Description of the task >> If an entry below contains an image, drop the image and retype the rest exactly.

Data for the task >>
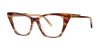 Color Brown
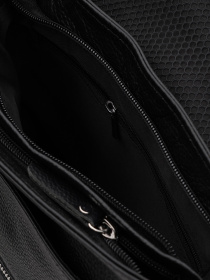 Мессенджер Keizer модель K13659bl-black Мессенджер Keizer модель K13659bl-black Фото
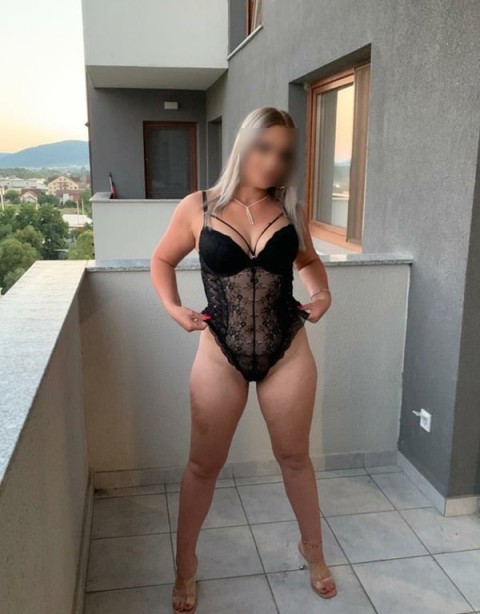 Salut! Sunt Andreea, mereu cu inima deschisa si plina de farmec. - imagine 488091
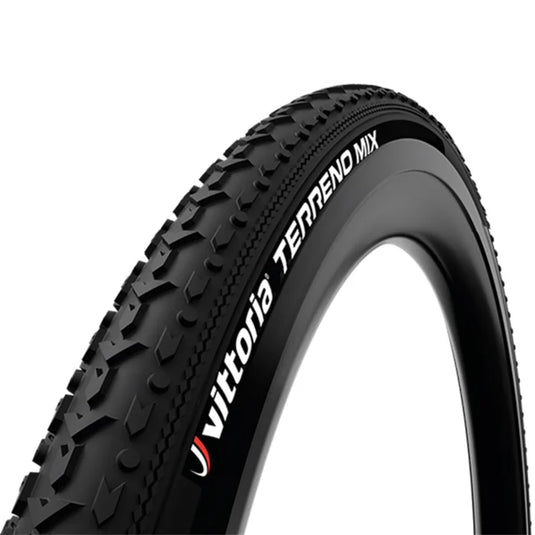 Vittoria Terreno Mix TNT G2.0 Graphene Cyclocross Clincher 700x40c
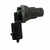 Sensor De Fase Rotação Hyundai Santa Fe Kia Mohave 393503f000 - Speed Parts - Distribuidora de Peças Automotivas para Carros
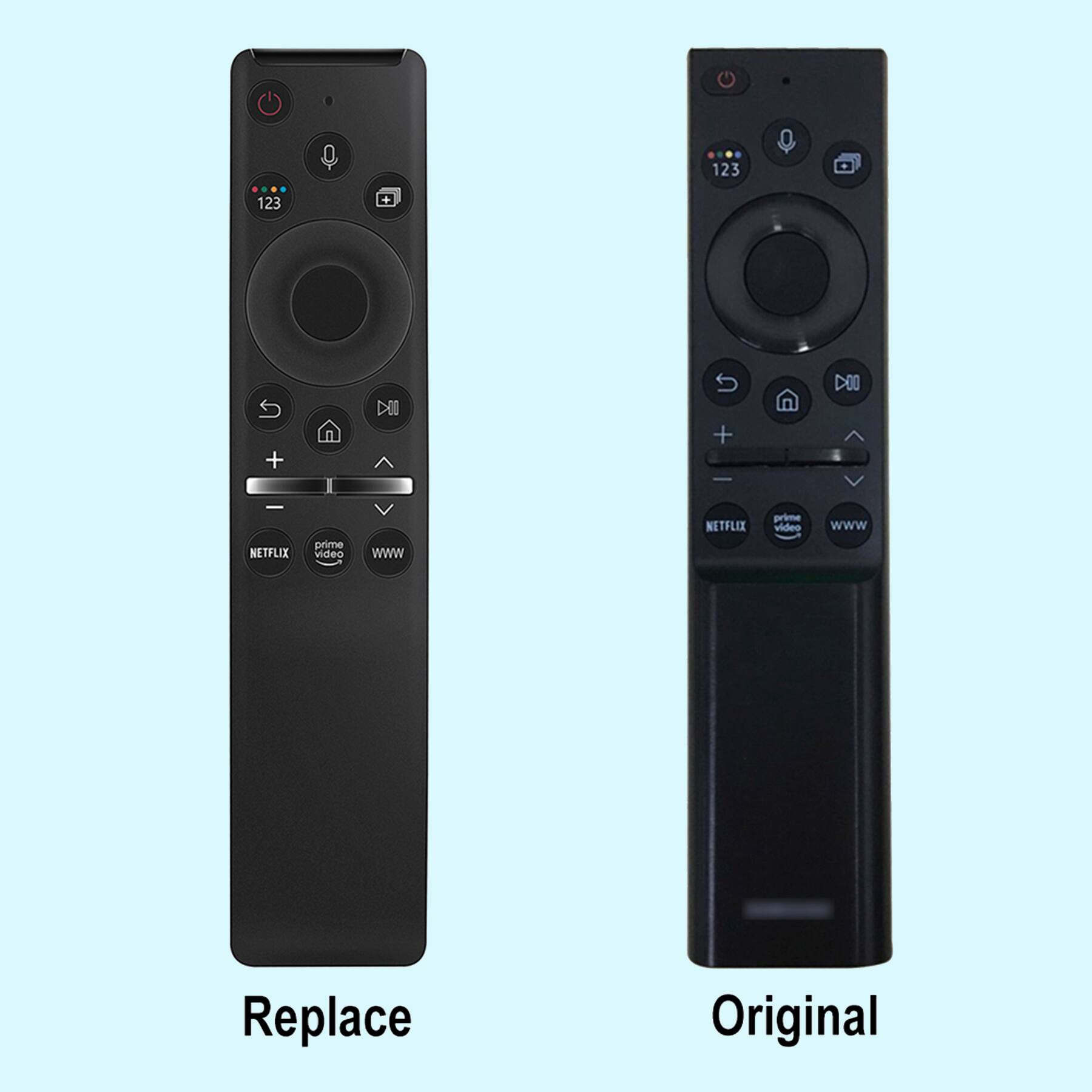 123 123 + Dill + D0O I NETFLIX prime video www NETFLIX prime video www

Replace

Original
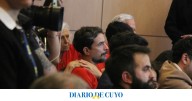 El caso Tellechea, sin culpables: el video del veredicto y el fallo absolutorio completo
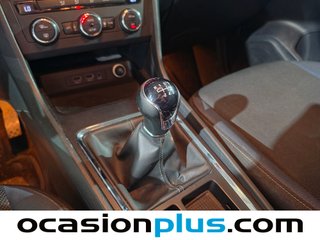 SEAT Ateca 1.6 TDI S&S Ecomotive Style 85 kW (115 CV)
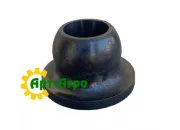 H129208 Втулка направляюча JOHN DEERE (HD-PARTS)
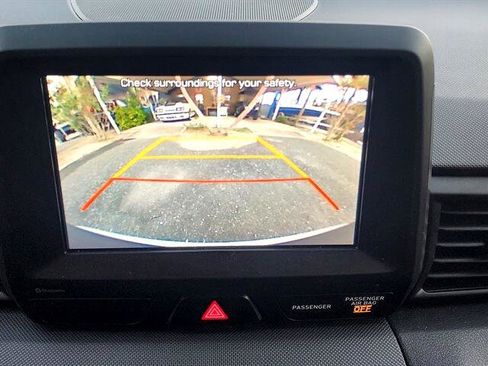 Used 2019 Hyundai Veloster 2.0 image 28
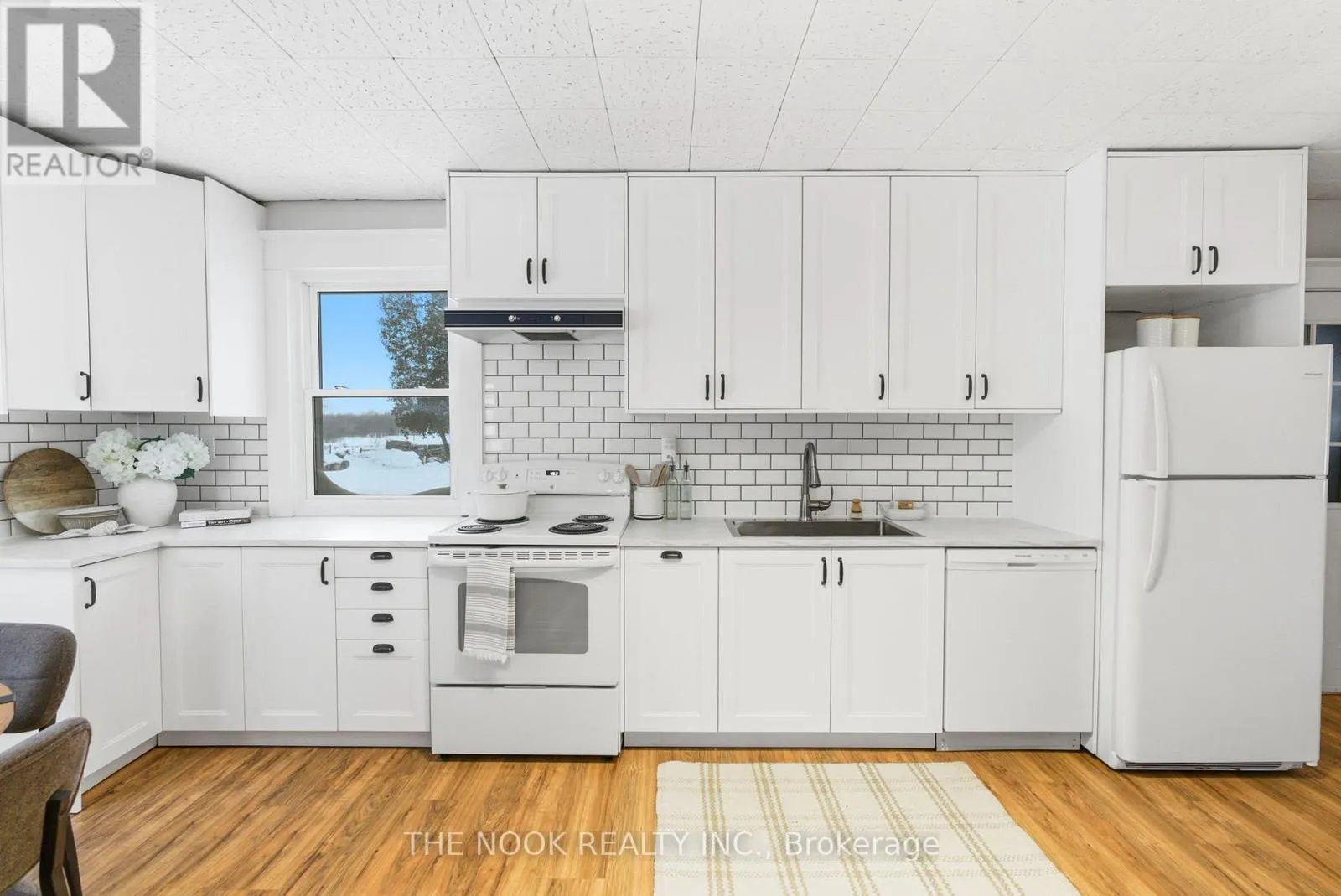 1245 CONCESSION 3 ROAD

Written response >>
 Color Brown
 Мессенджер Keizer модель K13659bl-black Мессенджер Keizer модель K13659bl-black Фото
 Salut! Sunt Andreea, mereu cu inima deschisa si plina de farmec. - imagine 488091
 Vittoria Terreno Mix TNT G2.0 Graphene Cyclocross Clincher 700x40c
 Sensor De Fase Rotação Hyundai Santa Fe Kia Mohave 393503f000 - Speed Parts - Distribuidora de Peças Automotivas para Carros
 123 123 + Dill + D0O I NETFLIX prime video www NETFLIX prime video www

Replace

Original
 El caso Tellechea, sin culpables: el video del veredicto y el fallo absolutorio completo
 SEAT Ateca 1.6 TDI S&S Ecomotive Style 85 kW (115 CV)
 H129208 Втулка направляюча JOHN DEERE (HD-PARTS)
 Used 2019 Hyundai Veloster 2.0 image 28
 1245 CONCESSION 3 ROAD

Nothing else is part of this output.